L’annonce a été faite lundi au cours du journal de 20 heures sur la TVT. Le gouvernement s’inscrirait dans une logique d’apaisement, après une vingtaine de morts depuis le début de la crise politique, et a pris certaines dispositions dont l’ouverture d’un dialogue avec l’ensemble de l’opposition. Mais en réalité des « mesurettes » criées sur les toits comme un exploit. Au sein de l’opposition, on ne semble pas emballé par cette sortie qui, à tout point de vue, ressemble à une simple manœuvre de démobilisation de la contestation. Comme pour illustrer le manque de sincérité du pouvoir, sa soldatesque a repris la répression sur les populations de Sokodé.
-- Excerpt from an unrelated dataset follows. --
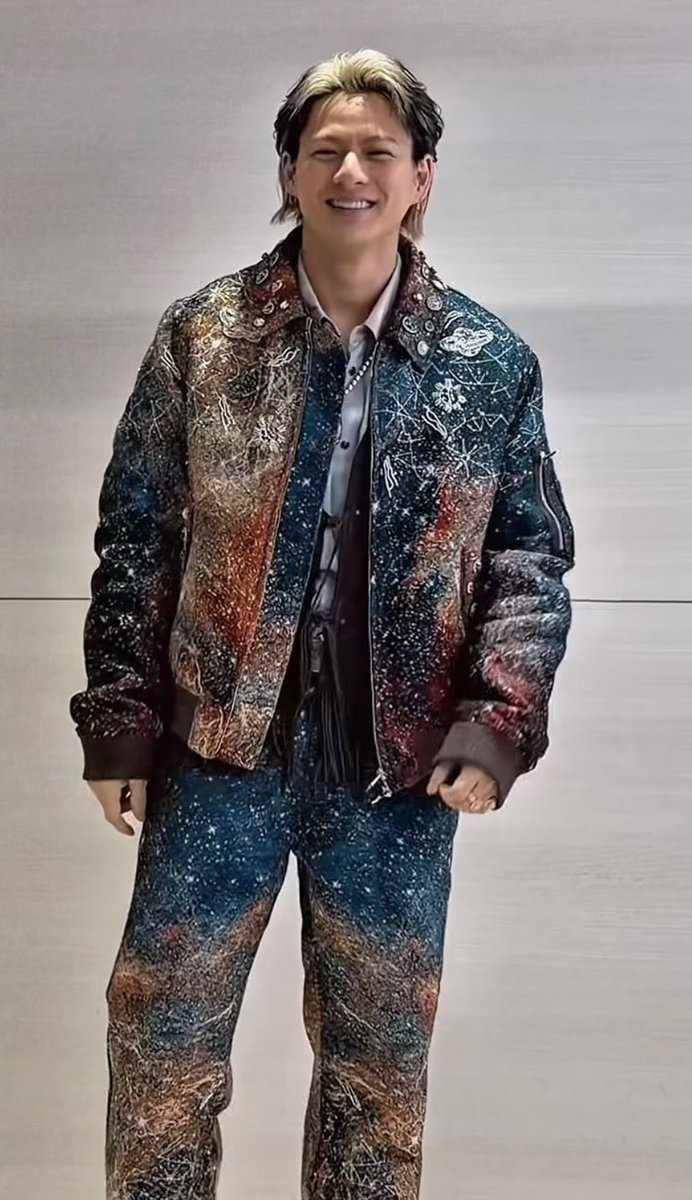 神様 私に3:33 のエンゼルナンバーをください いつも気がつくと すぎて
Les dispositions du gouvernement
« La remise en liberté de 42 personnes interpellées, jugées et condamnées par diverses juridictions dans le cadre des récentes manifestations violentes ; la restitution des motocyclettes saisies, à Lomé, lors de la manifestation du 7 septembre 2017 et ce, après 22 heures ; la levée de la mesure de contrôle judiciaire de Monsieur Jean-Pierre Fabre, chef de file de l’opposition dans la procédure des incendies », telles sont les mesures phare annoncées par le gouvernement, dans un communiqué rendu public lundi dernier au journal de 20 heures sur la TVT. Ce n’était pas tout. « En plus de ces mesures d’apaisement, le gouvernement prend également les dispositions nécessaires pour l’ouverture, à Lomé, d’un dialogue avec l’ensemble de la classe politique togolaise et espère donc que tout ceci conduira les partis politiques concernés à agir avec la plus grande retenue et responsabilité et à œuvrer pour l’intérêt national par la sauvegarde de la paix et de la cohésion nationale ». Ces dispositions visent, à en croire le gouvernement, à « assurer la préservation et le respect effectif de la liberté de manifestation et réaffirmer sa détermination à promouvoir le retour au calme ainsi qu’un climat d’apaisement et de sérénité indispensable pour la recherche de solutions crédibles et durables à la question des réformes politiques ». Amen !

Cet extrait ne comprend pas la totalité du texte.